**Task directions**
For each line below that includes the word "them", make a copy.

**Supplied records**
___
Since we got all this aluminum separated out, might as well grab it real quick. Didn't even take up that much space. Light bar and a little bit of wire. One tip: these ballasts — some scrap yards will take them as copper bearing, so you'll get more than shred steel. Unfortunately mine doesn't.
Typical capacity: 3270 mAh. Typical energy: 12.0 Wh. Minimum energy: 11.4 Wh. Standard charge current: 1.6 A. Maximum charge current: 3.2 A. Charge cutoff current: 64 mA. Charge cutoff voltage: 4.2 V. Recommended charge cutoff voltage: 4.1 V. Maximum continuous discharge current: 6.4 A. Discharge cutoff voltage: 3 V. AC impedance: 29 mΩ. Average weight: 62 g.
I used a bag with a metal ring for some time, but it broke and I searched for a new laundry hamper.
___
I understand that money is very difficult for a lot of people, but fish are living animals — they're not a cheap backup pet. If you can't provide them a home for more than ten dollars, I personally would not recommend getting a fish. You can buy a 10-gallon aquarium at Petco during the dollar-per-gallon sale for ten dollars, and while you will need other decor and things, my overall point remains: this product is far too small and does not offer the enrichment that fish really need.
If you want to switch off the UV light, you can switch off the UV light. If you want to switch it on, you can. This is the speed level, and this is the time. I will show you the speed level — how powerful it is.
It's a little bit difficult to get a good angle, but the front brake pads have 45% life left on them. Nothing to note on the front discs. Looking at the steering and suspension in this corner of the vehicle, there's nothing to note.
___
**Answer**
Since we got all this aluminum separated out, might as well grab it real quick. Didn't even take up that much space. Light bar and a little bit of wire. One tip: these ballasts — some scrap yards will take them as copper bearing, so you'll get more than shred steel. Unfortunately mine doesn't.
I understand that money is very difficult for a lot of people, but fish are living animals — they're not a cheap backup pet. If you can't provide them a home for more than ten dollars, I personally would not recommend getting a fish. You can buy a 10-gallon aquarium at Petco during the dollar-per-gallon sale for ten dollars, and while you will need other decor and things, my overall point remains: this product is far too small and does not offer the enrichment that fish really need.
It's a little bit difficult to get a good angle, but the front brake pads have 45% life left on them. Nothing to note on the front discs. Looking at the steering and suspension in this corner of the vehicle, there's nothing to note.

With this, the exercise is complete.